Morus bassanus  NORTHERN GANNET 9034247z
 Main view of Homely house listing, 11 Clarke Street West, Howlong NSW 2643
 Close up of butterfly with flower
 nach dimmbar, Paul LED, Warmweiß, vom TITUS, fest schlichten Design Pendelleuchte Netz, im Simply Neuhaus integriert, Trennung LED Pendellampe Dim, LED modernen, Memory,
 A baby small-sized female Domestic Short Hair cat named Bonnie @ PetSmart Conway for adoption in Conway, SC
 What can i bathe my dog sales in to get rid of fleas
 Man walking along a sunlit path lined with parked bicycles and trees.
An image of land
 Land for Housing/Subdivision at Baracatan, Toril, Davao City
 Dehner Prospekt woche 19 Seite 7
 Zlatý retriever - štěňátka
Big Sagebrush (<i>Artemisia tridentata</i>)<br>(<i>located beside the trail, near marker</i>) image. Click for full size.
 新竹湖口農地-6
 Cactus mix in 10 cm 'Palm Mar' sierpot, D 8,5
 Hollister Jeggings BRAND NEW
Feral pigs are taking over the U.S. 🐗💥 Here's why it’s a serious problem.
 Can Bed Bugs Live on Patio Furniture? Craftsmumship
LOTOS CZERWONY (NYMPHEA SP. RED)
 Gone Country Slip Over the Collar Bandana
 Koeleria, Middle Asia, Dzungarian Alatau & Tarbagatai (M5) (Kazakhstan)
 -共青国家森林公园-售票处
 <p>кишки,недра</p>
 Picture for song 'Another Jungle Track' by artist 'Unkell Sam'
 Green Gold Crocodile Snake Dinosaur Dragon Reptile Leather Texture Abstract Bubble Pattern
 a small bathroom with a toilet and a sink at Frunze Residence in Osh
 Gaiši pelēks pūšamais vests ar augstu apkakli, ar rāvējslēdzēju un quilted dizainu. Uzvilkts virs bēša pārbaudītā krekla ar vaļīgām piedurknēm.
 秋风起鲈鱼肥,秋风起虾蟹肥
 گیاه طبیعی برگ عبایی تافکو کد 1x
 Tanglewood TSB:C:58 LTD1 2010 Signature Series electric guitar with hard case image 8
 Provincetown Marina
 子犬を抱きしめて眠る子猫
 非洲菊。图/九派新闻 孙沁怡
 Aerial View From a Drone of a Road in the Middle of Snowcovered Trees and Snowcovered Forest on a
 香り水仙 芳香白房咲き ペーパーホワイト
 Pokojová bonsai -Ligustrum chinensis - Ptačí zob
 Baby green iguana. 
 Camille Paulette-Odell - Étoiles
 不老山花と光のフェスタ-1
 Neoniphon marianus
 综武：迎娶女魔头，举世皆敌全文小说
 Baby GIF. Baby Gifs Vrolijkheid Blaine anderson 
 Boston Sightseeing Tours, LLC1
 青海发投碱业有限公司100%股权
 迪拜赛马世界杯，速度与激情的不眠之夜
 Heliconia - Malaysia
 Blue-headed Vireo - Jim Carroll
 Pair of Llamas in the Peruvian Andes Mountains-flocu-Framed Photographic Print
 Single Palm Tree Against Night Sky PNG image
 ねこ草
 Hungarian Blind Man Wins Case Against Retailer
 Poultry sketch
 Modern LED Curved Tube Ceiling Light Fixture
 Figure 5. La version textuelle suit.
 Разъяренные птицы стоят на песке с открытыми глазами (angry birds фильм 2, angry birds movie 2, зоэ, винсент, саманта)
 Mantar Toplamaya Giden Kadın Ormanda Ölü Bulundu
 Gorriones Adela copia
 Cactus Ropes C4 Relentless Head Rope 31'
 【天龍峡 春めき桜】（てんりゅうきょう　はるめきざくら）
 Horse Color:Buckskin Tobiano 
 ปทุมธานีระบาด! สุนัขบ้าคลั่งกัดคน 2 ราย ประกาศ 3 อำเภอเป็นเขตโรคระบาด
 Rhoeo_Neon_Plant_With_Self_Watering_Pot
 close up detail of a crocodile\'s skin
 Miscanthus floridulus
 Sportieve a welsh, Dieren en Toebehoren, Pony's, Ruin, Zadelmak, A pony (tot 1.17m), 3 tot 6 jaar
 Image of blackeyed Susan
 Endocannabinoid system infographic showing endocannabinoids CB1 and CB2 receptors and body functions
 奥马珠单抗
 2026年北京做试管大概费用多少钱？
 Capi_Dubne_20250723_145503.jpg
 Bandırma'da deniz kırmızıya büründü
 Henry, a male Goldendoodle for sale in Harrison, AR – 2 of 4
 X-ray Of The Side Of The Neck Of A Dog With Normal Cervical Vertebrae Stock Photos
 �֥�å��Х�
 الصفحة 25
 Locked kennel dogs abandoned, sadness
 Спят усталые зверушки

--

Within the listing above, the range opens at the line with "An image of land" and closes at the line with "非洲菊。图/九派新闻 孙沁怡". Reproduce exactly the lines of that range, including both ends.

An image of land
 Land for Housing/Subdivision at Baracatan, Toril, Davao City
 Dehner Prospekt woche 19 Seite 7
 Zlatý retriever - štěňátka
Big Sagebrush (<i>Artemisia tridentata</i>)<br>(<i>located beside the trail, near marker</i>) image. Click for full size.
 新竹湖口農地-6
 Cactus mix in 10 cm 'Palm Mar' sierpot, D 8,5
 Hollister Jeggings BRAND NEW
Feral pigs are taking over the U.S. 🐗💥 Here's why it’s a serious problem.
 Can Bed Bugs Live on Patio Furniture? Craftsmumship
LOTOS CZERWONY (NYMPHEA SP. RED)
 Gone Country Slip Over the Collar Bandana
 Koeleria, Middle Asia, Dzungarian Alatau & Tarbagatai (M5) (Kazakhstan)
 -共青国家森林公园-售票处
 <p>кишки,недра</p>
 Picture for song 'Another Jungle Track' by artist 'Unkell Sam'
 Green Gold Crocodile Snake Dinosaur Dragon Reptile Leather Texture Abstract Bubble Pattern
 a small bathroom with a toilet and a sink at Frunze Residence in Osh
 Gaiši pelēks pūšamais vests ar augstu apkakli, ar rāvējslēdzēju un quilted dizainu. Uzvilkts virs bēša pārbaudītā krekla ar vaļīgām piedurknēm.
 秋风起鲈鱼肥,秋风起虾蟹肥
 گیاه طبیعی برگ عبایی تافکو کد 1x
 Tanglewood TSB:C:58 LTD1 2010 Signature Series electric guitar with hard case image 8
 Provincetown Marina
 子犬を抱きしめて眠る子猫
 非洲菊。图/九派新闻 孙沁怡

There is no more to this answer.